When (if ever) is it okay to use whitespace / indentation in CMake generator expressions?

The CMake documentation on generator expressions is fairly clear that "A common mistake is to try to split a generator expression across multiple lines with indenting". Here is the example they give:
# WRONG: New lines and spaces all treated as argument separators, so the
# generator expression is split and not recognized correctly.
target_compile_definitions(tgt PRIVATE
$<$<AND:
$<CXX_COMPILER_ID:GNU>,
$<VERSION_GREATER_EQUAL:$<CXX_COMPILER_VERSION>,5>
>:HAVE_5_OR_LATER>
)
My experience is that using multiple lines with indenting works exactly as I'd hope. For example, the following code produces the exact results I would naively expect with the use of whitespace and indentation:
target_compile_options(common_interface INTERFACE
$<$<CXX_COMPILER_ID:MSVC>:
/W4 # Turn on warnings
/WX # Turn warnings into errors
>
$<$<CXX_COMPILER_ID:GNU,Clang,AppleClang>:
-Wall # Turn on warnings
-Wextra # Turn on warnings
-Werror # Turn warnings into errors
>
)
As I understand the CMake documentation, each line here would be added as a separate compile option (e.g., $<$<CXX_COMPILER_ID:MSVC>:), but that is clearly not the case since the generated build files show the flags come through correctly.
My questions are:
What am I missing? Is the issue only with certain types of expressions (e.g., logical operators)? Has the behavior changed and the documentation is out of date? or maybe the documentation needs to be enhanced to clarify the restrictions and expected behavior?

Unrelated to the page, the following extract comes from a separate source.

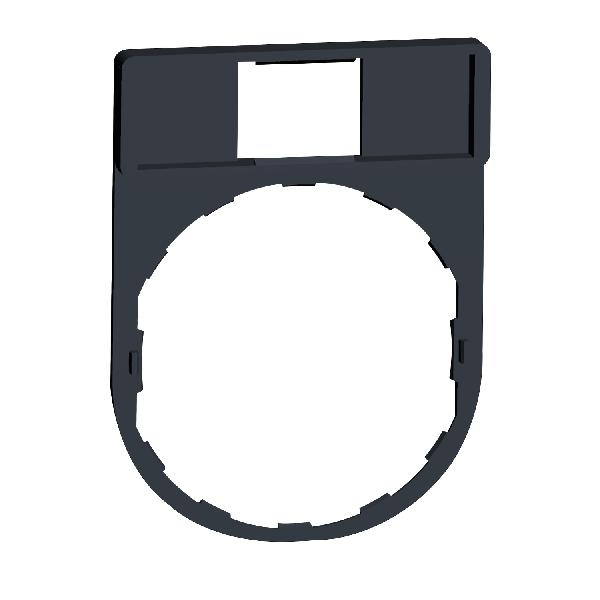 Porte étiquette 30 x 40 mm standard sans étiquette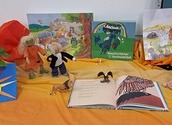 Die Kinder gestalten biblische Bildgeschichten ...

Is it safe to continue using whitespace and indentation in some circumstances?
My suspicion is that the resulting true_string (or false_string in $<IF:condition,true_string,false_string>) of a conditional expression may contain whitespace, but the other arguments of an expression cannot be broken.
Tsyvarev's comments to the question are on the money, but I'll give a more formal answer as both one of the CMake maintainers and the author of the generator expression documentation you linked to. The TLDR version is "The docs describe what you can rely on. Don't rely on implementation details that are outside that and which may change.".
The documentation makes clear where you are required to use quoting to ensure robust behavior. Splitting a genex across multiple lines or whitespace has never been officially supported. Sometimes it might appear to work, but that is by coincidence, not by design. Just because you found a case that happens to work in some range of CMake versions, you shouldn't assume that is supported behavior, especially when the documentation now explicitly calls that out as unsupported. There is no promise that such unsupported behavior will continue to work in future releases.
To be absolutely clear, the direct answers to your questions are:
What am I missing? Is the issue only with certain types of expressions (e.g., logical operators)? Has the behavior changed and the documentation is out of date? or maybe the documentation needs to be enhanced to clarify the restrictions and expected behavior?
The documentation is up to date, and I don't know how to make things clearer than what the existing documentation already says. You're asking about things that go directly against that documentation. The aspects you're asking about are not things we intend to document because they are specifically not intended to be supported behavior! Furthermore, CMake's behavior in this area may well have changed over different versions, but it has never been promised to be stable, since it has never been part of CMake's documented API.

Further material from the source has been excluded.